En bref, sans se lancer dans la rhétorique boursouflée tendance agenda de Lisbonne, il y a largement de quoi, en Europe, mener des réformes économiques conséquentes, qui auraient pour effet principal, pour une fois, de faire peser le poids de la compétition sur les entreprises plutôt que sur les salariés. Libéraliser les systèmes financiers des pays européens; ouvrir les économies européennes à la concurrence; Voilà de quoi bien remplir un programme de réformes économiques susceptibles d’élever le potentiel de croissance des économies nationales en Europe (pour faire bon poids, on pourrait y ajouter un mécanisme de coordination des politiques macroéconomiques des gouvernements et de la BCE différent du caricatural pacte de stabilité). Car, comme le montre un récent livre commenté par Martin Wolf dans le Financial Times (€), sur le long terme, c’est la concurrence sur les marchés de biens qui est le principal déterminant de la croissance de la productivité.

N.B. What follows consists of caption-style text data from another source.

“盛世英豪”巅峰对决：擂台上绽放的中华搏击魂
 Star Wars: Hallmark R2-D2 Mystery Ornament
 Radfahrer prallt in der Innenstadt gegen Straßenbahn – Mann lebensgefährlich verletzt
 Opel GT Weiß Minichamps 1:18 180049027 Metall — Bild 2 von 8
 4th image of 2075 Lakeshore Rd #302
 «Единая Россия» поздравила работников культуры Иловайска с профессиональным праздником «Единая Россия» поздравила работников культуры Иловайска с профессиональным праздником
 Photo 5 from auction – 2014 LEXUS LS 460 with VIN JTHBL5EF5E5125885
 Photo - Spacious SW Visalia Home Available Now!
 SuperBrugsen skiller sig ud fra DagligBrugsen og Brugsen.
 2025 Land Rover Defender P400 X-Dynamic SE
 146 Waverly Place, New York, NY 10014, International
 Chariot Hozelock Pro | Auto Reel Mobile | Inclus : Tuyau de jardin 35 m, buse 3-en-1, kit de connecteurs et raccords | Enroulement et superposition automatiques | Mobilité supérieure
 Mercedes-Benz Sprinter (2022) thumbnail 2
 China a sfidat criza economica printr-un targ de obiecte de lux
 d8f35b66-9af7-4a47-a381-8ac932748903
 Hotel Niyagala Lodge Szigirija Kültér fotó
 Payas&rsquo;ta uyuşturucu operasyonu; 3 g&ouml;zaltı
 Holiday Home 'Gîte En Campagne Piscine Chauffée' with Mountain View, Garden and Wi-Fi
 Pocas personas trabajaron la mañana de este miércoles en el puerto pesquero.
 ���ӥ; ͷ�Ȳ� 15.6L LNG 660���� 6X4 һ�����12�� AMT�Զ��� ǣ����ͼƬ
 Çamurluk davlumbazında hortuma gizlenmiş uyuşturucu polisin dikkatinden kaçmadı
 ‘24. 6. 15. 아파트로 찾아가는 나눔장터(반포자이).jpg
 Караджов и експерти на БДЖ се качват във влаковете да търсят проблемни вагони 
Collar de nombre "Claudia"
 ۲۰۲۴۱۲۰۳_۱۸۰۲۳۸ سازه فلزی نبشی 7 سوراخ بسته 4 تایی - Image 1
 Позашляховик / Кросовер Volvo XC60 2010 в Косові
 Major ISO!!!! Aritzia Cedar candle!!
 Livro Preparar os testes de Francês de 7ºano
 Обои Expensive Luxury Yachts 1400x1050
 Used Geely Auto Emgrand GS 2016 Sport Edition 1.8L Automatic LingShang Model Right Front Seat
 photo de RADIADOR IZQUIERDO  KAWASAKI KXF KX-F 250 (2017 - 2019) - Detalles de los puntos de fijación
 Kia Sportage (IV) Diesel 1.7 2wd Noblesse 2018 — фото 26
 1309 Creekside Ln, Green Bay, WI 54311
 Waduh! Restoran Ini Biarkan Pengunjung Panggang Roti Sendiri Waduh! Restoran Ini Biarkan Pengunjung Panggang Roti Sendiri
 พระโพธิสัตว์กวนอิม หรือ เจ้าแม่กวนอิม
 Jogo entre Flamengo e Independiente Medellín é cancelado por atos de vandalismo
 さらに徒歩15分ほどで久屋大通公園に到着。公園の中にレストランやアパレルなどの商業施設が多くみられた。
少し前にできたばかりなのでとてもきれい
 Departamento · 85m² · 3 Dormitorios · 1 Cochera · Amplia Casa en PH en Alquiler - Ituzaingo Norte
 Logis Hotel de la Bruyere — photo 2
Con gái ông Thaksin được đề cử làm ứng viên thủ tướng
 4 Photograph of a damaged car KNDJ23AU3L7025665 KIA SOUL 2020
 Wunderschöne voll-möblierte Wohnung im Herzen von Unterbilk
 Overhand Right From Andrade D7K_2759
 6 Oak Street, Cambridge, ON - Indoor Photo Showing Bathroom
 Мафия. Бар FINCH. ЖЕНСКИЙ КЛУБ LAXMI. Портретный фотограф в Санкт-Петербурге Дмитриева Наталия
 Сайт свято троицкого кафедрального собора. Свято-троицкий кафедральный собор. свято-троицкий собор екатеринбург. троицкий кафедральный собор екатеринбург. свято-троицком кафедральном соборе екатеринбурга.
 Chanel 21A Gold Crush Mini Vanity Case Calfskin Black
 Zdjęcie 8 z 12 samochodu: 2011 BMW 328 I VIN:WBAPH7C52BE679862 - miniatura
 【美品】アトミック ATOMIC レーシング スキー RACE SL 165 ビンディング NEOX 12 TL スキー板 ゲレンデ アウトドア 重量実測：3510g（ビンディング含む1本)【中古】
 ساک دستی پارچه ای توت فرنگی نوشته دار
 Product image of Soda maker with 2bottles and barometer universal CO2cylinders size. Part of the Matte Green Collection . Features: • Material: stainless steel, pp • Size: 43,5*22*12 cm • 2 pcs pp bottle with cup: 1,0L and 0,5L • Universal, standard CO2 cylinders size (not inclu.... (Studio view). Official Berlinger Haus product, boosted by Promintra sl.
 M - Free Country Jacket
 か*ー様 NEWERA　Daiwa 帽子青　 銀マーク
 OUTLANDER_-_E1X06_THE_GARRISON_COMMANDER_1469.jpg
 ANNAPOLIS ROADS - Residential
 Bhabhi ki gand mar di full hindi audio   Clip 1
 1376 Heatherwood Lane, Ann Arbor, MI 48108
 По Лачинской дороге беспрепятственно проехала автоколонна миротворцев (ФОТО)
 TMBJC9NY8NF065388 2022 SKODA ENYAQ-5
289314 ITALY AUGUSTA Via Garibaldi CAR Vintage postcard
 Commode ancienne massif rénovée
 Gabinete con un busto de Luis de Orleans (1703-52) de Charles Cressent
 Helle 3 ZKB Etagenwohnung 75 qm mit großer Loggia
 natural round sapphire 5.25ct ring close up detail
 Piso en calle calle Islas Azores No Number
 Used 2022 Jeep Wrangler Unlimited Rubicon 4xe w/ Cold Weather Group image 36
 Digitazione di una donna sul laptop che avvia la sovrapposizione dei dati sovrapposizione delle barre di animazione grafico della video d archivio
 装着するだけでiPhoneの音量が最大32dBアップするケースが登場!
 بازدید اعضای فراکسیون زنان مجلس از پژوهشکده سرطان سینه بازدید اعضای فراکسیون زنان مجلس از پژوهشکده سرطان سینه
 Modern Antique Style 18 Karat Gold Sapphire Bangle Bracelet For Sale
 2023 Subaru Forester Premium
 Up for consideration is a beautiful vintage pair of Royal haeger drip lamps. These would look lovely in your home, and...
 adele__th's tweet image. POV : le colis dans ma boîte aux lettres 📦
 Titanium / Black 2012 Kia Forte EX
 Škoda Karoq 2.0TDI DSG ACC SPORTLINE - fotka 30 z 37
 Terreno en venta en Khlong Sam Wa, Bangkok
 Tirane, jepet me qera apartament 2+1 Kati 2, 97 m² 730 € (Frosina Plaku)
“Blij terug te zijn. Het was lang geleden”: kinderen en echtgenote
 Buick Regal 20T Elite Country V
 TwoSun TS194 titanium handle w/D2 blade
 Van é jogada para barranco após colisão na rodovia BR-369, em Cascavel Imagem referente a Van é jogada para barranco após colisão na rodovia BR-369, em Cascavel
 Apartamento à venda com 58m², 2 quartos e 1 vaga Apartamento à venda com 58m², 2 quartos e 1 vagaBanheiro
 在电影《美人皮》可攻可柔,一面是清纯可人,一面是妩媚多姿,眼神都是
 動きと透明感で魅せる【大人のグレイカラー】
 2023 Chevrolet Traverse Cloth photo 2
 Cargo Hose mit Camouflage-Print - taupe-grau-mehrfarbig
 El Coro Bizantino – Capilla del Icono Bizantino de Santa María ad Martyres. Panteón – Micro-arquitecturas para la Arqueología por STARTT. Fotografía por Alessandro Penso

Pourtant, il n’y a aucune chance de voir ces sujets abordés dans le débat public, que ce soit en France ou en Europe. Dans le cas français, on peut expliquer cela partiellement par la priorité donnée dans l’approche des problèmes nationaux à une certaine vulgate sociologisante. Mais la principale raison tient plutôt au corporatisme et à la rhétorique de la compétitivité qui constituent l’alpha et l’oméga de la pensée économique Européenne. Pour les gouvernements français ou allemands, la mondialisation se limite à une seule chose : le problème de la compétitivité des grandes entreprises nationales. Face à ce problème, il n’y a qu’une seule sorte de choses à faire : subventionner et protéger de la concurrence et des convoitises étrangères ces entreprises, et rétablir leur compétitivité en taillant dans les coûts salariaux. C’est à cela que se résumaient les “réformes” de Shröder, tout comme les contrats Villepin.
Le résultat? Des réformes sociales mal conçues, mal mises en application, dont l’effet n’est que de pénaliser les salariés sans le moindre effet sur les taux de chômage. Le tout sur fond de programmes mal fagotés et verbeux conçus par une commission européenne médiocre, de déficits publics croissants, de croissance économique anémique. Et un débat fantasmatique sur des “modèles sociaux” qui ne mènera à rien. Les politiques authentiquement utiles qui rétabliraient la croissance en Europe nécessiteraient d’aller à l’encontre des intérêts constitués, de cette clique administrative, politique et industrielle qui détermine en pratique les politiques économiques en Europe, dont l’ineffable Thierry Breton est l’exemple caricatural. Cela exigerait aussi de comprendre que la mondialisation et la concurrence sont des forces positives pour les populations, et que “protection sociale” n’est pas la traduction française de “corporate welfare”. On peut toujours rêver.